(Information shown)

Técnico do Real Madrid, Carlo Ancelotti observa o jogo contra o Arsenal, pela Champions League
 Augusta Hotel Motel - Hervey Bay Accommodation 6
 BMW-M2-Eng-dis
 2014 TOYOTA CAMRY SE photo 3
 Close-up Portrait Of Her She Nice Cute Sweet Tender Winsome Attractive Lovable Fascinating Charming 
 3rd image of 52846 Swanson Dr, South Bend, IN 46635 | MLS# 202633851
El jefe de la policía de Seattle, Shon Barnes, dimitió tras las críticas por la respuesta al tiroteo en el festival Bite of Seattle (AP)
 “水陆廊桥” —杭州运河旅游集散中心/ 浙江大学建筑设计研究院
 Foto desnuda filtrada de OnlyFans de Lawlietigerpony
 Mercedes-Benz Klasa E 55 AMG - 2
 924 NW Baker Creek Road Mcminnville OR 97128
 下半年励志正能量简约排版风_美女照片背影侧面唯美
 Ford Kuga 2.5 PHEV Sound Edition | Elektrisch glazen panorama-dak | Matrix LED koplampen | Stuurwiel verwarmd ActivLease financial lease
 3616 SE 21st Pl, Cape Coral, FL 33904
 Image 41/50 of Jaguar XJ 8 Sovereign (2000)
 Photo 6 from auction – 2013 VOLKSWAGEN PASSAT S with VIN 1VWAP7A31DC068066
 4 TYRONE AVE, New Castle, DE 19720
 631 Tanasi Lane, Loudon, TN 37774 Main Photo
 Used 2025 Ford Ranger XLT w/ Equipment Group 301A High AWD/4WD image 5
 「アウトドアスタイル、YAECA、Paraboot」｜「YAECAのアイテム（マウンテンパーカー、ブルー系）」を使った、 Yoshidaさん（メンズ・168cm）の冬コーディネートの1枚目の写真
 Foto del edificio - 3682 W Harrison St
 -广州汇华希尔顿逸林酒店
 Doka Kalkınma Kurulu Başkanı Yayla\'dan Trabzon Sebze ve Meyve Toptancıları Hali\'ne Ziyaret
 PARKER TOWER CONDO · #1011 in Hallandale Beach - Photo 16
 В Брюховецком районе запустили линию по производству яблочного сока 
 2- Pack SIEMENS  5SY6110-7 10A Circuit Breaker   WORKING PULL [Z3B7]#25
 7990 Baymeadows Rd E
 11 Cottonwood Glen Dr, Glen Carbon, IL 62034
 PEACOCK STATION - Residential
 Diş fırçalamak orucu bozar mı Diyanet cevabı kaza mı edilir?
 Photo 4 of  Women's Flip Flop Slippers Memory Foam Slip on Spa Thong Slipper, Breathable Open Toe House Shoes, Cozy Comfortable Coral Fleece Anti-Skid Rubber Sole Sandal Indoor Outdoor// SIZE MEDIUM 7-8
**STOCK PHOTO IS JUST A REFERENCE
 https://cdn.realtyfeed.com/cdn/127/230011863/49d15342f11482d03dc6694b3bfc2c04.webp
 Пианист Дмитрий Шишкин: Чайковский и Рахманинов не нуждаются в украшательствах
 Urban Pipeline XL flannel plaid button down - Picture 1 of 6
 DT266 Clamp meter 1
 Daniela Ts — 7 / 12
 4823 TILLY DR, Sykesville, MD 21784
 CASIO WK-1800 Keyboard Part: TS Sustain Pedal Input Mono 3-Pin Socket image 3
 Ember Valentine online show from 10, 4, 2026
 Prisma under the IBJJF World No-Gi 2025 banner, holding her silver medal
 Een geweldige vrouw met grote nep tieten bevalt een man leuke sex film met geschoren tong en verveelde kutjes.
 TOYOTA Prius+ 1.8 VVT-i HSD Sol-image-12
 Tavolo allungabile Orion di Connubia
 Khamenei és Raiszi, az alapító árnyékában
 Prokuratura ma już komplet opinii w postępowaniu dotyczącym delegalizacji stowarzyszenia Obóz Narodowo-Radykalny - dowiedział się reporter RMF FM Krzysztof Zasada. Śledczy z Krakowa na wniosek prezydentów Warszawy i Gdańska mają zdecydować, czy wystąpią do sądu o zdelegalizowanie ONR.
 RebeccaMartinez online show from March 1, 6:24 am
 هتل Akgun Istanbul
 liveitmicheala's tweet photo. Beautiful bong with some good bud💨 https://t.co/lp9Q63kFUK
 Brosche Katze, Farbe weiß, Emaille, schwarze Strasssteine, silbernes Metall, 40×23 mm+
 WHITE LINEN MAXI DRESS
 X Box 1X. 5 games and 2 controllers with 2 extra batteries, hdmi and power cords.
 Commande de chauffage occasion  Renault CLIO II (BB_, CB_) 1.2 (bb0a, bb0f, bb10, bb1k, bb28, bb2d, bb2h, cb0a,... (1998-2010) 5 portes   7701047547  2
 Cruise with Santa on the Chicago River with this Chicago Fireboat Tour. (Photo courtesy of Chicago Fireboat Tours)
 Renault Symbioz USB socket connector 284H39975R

(End Information shown)

Read through the entries and copy every line that includes "Coral".

Written response:
 3616 SE 21st Pl, Cape Coral, FL 33904
 Photo 4 of  Women's Flip Flop Slippers Memory Foam Slip on Spa Thong Slipper, Breathable Open Toe House Shoes, Cozy Comfortable Coral Fleece Anti-Skid Rubber Sole Sandal Indoor Outdoor// SIZE MEDIUM 7-8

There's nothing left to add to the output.